Last week was our spring break, and the KP Spouse and I were in Colorado all week. I spent the entire week off-grid — no computer, no Internet, zip zilch nada, nothing but snow and books and music (and, toward the end of the week, basketball for the KP Spouse and our friend Dean who joined us there). Ironically, I managed to pre-schedule almost daily posts for the week I was on holiday, while this week I haven’t had the time to do any! Oh, the joys of the quarter system … three “first week of class” episodes! But things have calmed down a wee bit, and I am spending the day catching up on writing and correspondence.

Anyway … on our way back to the airport from Breckenridge we spent a few hours burbling around Denver, in two neighborhoods: the Lower Downtown area (LoDo), and South Broadway, where we enjoyed browsing used bookshops. In LoDo we stopped in at the best bookstore I’ve been to in a long time, Tattered Cover. Great old building, lots of seating, wonderful staff recommendations, well-organized and thorough inventory, lots of magazines, cafĂ© … if I lived in Denver I would spent lots of time and money here!
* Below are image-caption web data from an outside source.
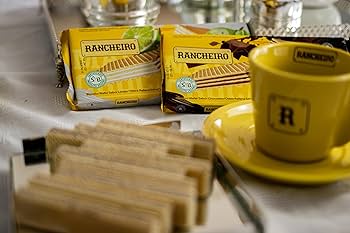 Wafer Rancheiro Limón 78g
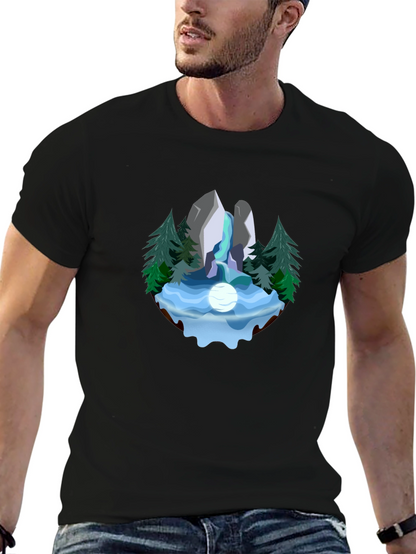 Natures Calm T-Shirt
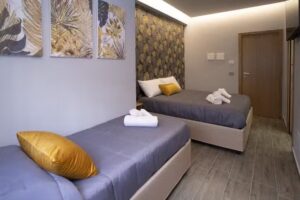 La Scogliera In – Bed & Breakfast
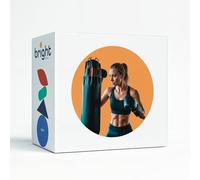 Triptofano con Magnesio + Rhodiola Rosea, Café Verde y Vitamina B12 - 5 Suplementos en 1 Paquete para Gestión del Estrés, Energía y Control del peso I Sin GMO | 28 Dosis Diarios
I didn’t buy any books because my luggage was already bulging, but I was sorely tempted by a few titles, especially Seth Grahame-Smith’s Pride and Prejudice and Zombies! I adore Jane Austen, and like zombies as much as the next person, so the intriguing combination was hard to resist. Then I get home and find that some of my friends who share my tastes have hit on the work at the same time, and then this week at Boing Boing Cory Doctorow wrote about the book:

Never successfully read Pride and Prejudice. Bored to tears by it. I’m not proud of the fact. Plenty of smart people have the utmost respect for the book, and I’m perfectly willing to stipulate that the problem is with me, not with Austen.
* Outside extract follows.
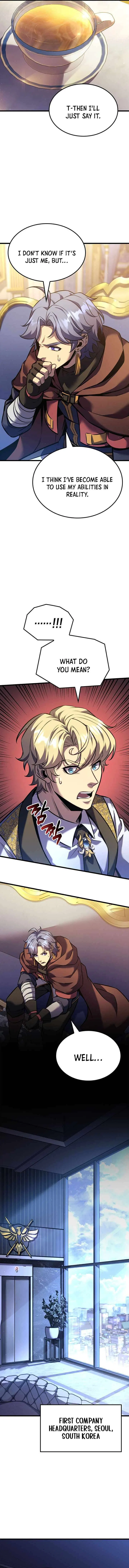 The Count’s Youngest Son is A Player Chapter 162 – Page 8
But P&P&Z has just too much Austen and not enough zombies. I found myself skimming, skipping larger and larger chunks of text to get to the zombie sequences, desperate to escape the claustrophobic drawing-room chatter of Austen’s characters with a little beheading, disemboweling and derring-do.

I couldn’t finish it. But I expect if you were the kind of person who loves both Austen and zombies, this book would just plain knock your socks off.

[austenevangelist]Oh, honey. Claustrophobic drawing-room chatter? In Austen’s hands drawing-room chatter is metaphorical beheading, disemboweling and derring-do accomplished with subtle irony and gentle wit. That’s precisely the core of the humor of the concept of P&P&Z — on its face the plot and dialogue in Austen is genteel and within strict social guidelines, but the real action is in the tension between the visions, dreams and desires of the protagonists and those constraints. It’s mindful Regency girrrl power, not mindless derring-do.[/austenevangelist]

Now I do regret not buying it and stuffing it into my suitcase!

ETA: This comment on Cory’s post totally wins the thread:

There’s only one literary mashup anyone needs to know, and it’s a single line. “It was half way to Rivendell when the drugs began to take hold.” — Hunter S. Tolkien, “Fear and Loathing in Barad Dur”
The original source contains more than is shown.